- _What the task requires_
Reproduce the lines below exactly. Skip images.

- _Source data_
---+---

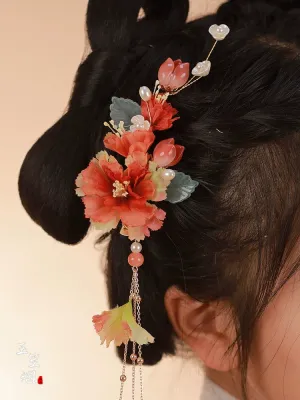 Hair Clips: Pomegranate Flower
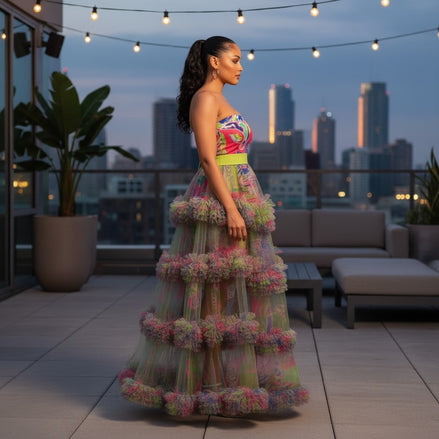 In Bloom - Two-Piece Romper & Floral Embellished Maxi Skirt Set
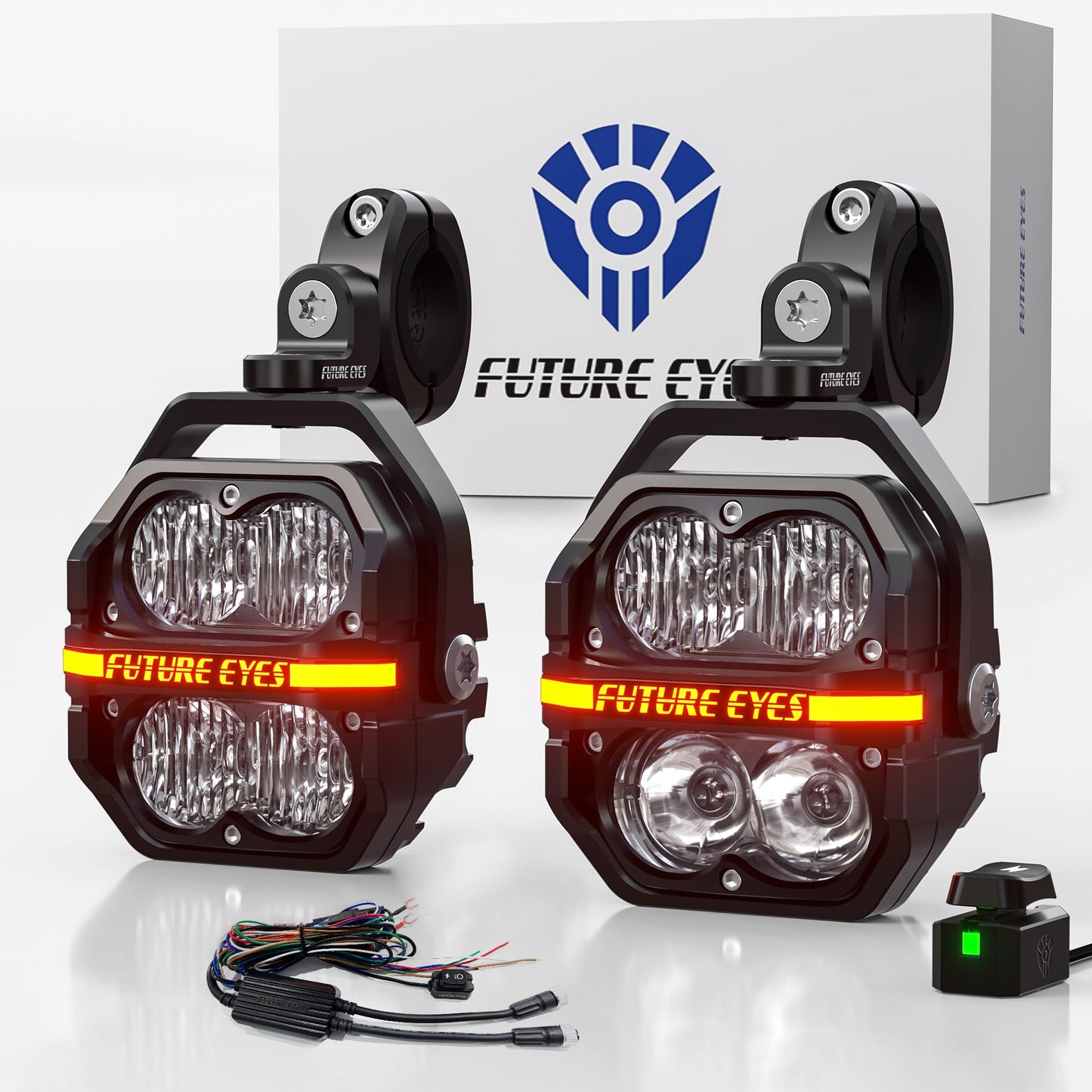 Future Eyes 120W LED Motorcycle Lights, High & Low Beam, Amber Fog Light, Waterproof Off-Road Auxiliary Headlight for Night Riding, ATV, UTV, and Motorcycle Fog & Driving Lights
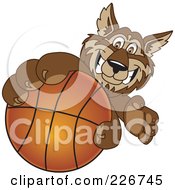 Poster, Art Print Of Wolf School Mascot Grabbing A Basketball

---+---

- _Output below_
 Hair Clips: Pomegranate Flower
 In Bloom - Two-Piece Romper & Floral Embellished Maxi Skirt Set
 Future Eyes 120W LED Motorcycle Lights, High & Low Beam, Amber Fog Light, Waterproof Off-Road Auxiliary Headlight for Night Riding, ATV, UTV, and Motorcycle Fog & Driving Lights
 Poster, Art Print Of Wolf School Mascot Grabbing A Basketball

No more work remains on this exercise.